Other clinical signs (CNS damage, hemorrhagic pneumonia, myocarditis and serositis) are rare and are recognized in special studies. The laboratory data are of little character - usually leukocytosis is most pronounced in the abdominal syndrome, with a shift of the formula to the left up to young ESR is usually increased, especially with abdominal syndrome and polyarthritis.
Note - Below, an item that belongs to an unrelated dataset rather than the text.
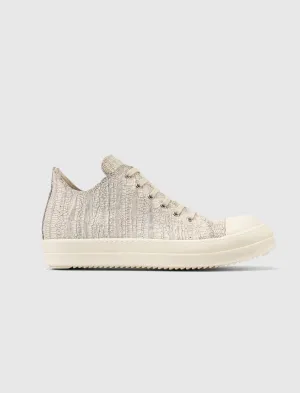 MEGACRUST SNEAKERS BASSES EN DENIM ÉLASTIQUE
In acute course, the disease begins suddenly and flows violently with the multi-symptomatic clinic of the disease, often complicated by nephritis. In chronic course, for the most part, it is a recurrent skin-joint syndrome (orthostatic purpura of the elderly). The diagnosis in the presence of a characteristic triad or only hemorrhagic rashes on the skin does not cause difficulties. However, the syndrome of hemorrhagic vasculitis can occur with infective endocarditis, various vasculitis, diffuse connective tissue diseases, etc. In elderly people, it is necessary to exclude the Waldenstrom macroglobulinemic purpura. Treatment. Prescribe antihistamines and anti-inflammatory drugs in conventional doses. In the acute period of the disease, a strict bed rest is needed. In severe cases, heparin is prescribed (10 000 - 1 5 000 ED) 2 times in the abdomen before the elimination of signs of hypercoagulability. With abdominal syndrome, the introduction of large doses of methylprednisolone in doses of up to 1 g per day for 3 days is shown. In chronic course, aminoquinoline preparations, large doses of ascorbic acid (up to 3 g / day), rutin can be recommended. With focal infection shown sanation - conservative or surgical. Some patients with a chronic recurrent course of cutaneous purpura or glomerulonephritis can be recommended for climatotherapy (southern Ukraine, Southern coast of Crimea, Northern Caucasus).